Before tackling superhero Luke Cage in Netflix’s upcoming series, actor Mike Colter has been living and breathing another character for the last year: Halo‘s Jameson Locke.
Colter became the character in more ways that one, having provided the voice and motion capture for the impending Halo 5: Guardians video game as well as playing Locke in the live-action web series Halo: Nightfall, which is out on DVD and Blu-ray today.
Not having any previous experience with mo-cap, Colter didn’t know what to expect.
“For lack of a better word, it’s a very tedious process,” he tells us. “That’s not a slight, but it takes time technically to get what you want. There are a lot of things going on and there’s a lot of there being nothing there and just working off what’s supposed to be there. You just have to do it time and time again until you get it right. But I was much more at ease being in that bodysuit inside a temperature controlled room than I was on location shooting the film.”
The rough, otherworldly terrain featured in Halo: Nightfall was filmed about an hour outside Reykjavik.
“I’ve got to tell you, the elements, when you are out in the middle of nowhere, are much more bleak,” says Colter. “It’s cold, rugged terrain, hard to walk on, hard to even find a place to sit down. I think the worst of it was when we were in a cave for an entire day, and when I say a cave I really mean a cave! There was nothing but cold water pouring on you the entire day. There was no place to just take a break. It was quite miserable. It was like, ‘This is just unbearable!’ We were all like, ‘Oh God, when will it end?’
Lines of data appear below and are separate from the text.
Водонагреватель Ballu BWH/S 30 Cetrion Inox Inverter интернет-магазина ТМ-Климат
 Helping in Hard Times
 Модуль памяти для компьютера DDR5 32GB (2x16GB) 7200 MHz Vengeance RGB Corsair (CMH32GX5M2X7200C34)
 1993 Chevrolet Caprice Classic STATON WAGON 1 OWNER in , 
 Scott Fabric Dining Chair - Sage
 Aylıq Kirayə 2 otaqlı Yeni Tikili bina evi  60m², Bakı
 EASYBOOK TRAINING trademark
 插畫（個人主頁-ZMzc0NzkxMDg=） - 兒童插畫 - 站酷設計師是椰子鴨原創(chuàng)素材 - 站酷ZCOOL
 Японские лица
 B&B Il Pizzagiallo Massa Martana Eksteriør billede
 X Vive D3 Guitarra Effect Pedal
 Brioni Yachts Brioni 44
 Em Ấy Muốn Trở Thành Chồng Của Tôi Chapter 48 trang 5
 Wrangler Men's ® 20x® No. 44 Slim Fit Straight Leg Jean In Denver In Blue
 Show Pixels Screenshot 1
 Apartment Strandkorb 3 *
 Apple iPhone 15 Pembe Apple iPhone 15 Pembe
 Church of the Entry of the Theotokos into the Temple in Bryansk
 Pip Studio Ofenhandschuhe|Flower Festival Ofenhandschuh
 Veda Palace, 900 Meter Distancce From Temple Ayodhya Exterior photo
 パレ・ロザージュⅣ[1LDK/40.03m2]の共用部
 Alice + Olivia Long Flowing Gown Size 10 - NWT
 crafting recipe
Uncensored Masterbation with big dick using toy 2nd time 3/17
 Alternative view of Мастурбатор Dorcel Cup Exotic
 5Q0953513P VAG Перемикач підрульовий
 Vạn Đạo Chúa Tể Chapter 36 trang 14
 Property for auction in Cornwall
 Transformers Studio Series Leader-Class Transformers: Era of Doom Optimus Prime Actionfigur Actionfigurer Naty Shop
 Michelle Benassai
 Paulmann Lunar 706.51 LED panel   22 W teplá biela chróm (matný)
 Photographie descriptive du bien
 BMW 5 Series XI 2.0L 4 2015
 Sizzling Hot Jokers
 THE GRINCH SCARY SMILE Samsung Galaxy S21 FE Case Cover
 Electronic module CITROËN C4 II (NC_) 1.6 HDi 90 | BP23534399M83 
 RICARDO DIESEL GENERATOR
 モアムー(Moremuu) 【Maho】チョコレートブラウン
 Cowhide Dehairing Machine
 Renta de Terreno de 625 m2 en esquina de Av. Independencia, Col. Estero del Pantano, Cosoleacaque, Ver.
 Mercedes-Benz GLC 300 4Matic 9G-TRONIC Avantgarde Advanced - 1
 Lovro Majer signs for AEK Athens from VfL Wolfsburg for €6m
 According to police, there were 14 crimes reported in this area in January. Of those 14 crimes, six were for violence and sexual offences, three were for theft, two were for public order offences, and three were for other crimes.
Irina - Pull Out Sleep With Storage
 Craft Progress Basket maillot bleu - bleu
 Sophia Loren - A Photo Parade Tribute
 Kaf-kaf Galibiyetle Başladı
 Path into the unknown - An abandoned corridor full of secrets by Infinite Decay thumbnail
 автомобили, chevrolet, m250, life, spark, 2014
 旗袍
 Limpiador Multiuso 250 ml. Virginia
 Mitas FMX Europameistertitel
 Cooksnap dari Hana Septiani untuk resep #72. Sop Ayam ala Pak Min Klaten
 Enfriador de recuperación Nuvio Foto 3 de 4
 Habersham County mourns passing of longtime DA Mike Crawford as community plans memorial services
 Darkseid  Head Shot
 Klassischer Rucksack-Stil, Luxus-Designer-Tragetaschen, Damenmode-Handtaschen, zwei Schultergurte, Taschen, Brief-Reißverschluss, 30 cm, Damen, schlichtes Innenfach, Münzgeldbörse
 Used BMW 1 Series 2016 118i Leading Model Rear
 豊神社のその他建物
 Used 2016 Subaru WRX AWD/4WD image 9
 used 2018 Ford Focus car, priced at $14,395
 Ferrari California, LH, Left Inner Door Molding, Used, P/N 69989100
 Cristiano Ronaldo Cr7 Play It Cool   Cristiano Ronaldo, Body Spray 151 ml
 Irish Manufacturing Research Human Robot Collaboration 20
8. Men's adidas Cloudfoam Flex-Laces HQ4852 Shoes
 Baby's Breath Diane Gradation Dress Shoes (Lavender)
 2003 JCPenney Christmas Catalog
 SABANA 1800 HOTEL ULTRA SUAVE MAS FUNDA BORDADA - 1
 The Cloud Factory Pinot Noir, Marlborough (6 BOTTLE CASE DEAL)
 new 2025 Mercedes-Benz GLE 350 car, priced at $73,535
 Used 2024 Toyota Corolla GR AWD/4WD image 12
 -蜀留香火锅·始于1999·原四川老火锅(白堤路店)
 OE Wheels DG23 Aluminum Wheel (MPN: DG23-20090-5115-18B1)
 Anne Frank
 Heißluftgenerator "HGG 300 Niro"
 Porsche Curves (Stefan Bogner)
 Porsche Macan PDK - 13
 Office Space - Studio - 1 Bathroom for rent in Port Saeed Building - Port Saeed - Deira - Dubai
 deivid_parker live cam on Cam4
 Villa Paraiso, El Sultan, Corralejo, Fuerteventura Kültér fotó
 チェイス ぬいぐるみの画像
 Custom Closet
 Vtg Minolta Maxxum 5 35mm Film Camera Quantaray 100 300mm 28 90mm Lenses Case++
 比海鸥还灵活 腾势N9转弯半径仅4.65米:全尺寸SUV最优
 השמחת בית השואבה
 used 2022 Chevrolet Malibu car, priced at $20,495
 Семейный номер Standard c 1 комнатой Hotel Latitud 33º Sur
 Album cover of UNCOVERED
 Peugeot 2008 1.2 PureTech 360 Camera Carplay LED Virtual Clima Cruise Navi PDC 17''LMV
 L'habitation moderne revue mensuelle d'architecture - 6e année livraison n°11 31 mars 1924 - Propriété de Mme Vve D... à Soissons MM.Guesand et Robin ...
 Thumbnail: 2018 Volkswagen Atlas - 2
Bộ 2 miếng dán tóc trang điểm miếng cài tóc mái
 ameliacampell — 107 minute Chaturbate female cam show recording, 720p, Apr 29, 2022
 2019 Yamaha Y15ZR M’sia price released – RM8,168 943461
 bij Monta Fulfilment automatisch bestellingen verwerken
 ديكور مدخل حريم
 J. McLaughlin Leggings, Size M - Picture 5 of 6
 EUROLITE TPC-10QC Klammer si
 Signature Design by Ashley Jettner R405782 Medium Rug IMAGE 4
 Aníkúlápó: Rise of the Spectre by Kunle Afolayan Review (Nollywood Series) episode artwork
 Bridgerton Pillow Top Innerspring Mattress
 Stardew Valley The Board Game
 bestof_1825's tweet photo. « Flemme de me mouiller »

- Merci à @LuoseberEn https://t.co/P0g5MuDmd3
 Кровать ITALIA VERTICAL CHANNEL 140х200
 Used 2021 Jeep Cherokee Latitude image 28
“There were days like that and you just had to get through it. You’re soaked down to your knickers and it’s just bad. Any time you think about being uncomfortable, you’re uncomfortable. But I would love to go back and visit the Blue Lagoon, which I did a couple of times on my days off. It was just beautiful… I would love to go back on a vacation to really just enjoy it.”
In addition to the harsh landscape and dreary weather, the cast had to struggle through it all while wearing huge, bulky combat suits.
“I think they had to go to actors who were new to this. If they approached an actor who had done this before the negotiation were going to be completely different!” he laughs.
“If they said, ‘We want you to do this movie with this huge suit on,’ the response is going to be, ‘Whoa, stop right there!’ The suit weighed about two stone, and added to your body weight you can’t really do anything. You can barely go to the bathroom on your own, let alone sit down and relax. If you just stood in that uniform without doing anything you’d be tired. [We were] sprinting around, running up hills, falling, getting up again take after take after take!”
Despite everything, Colter insists that he remembers the experience in a positive light.
“I had a great time, but when I think about the actual shooting of it, it was gruelling. I mean, the helmet would fog up and you couldn’t see, so you’d basically fall down to the floor and have to take the helmet off! Technically it was very challenging. And being against the elements made it that much more intense. But I look back on it fondly. I made some really great friends. But make no mistake about it: it was definitely not a picnic.”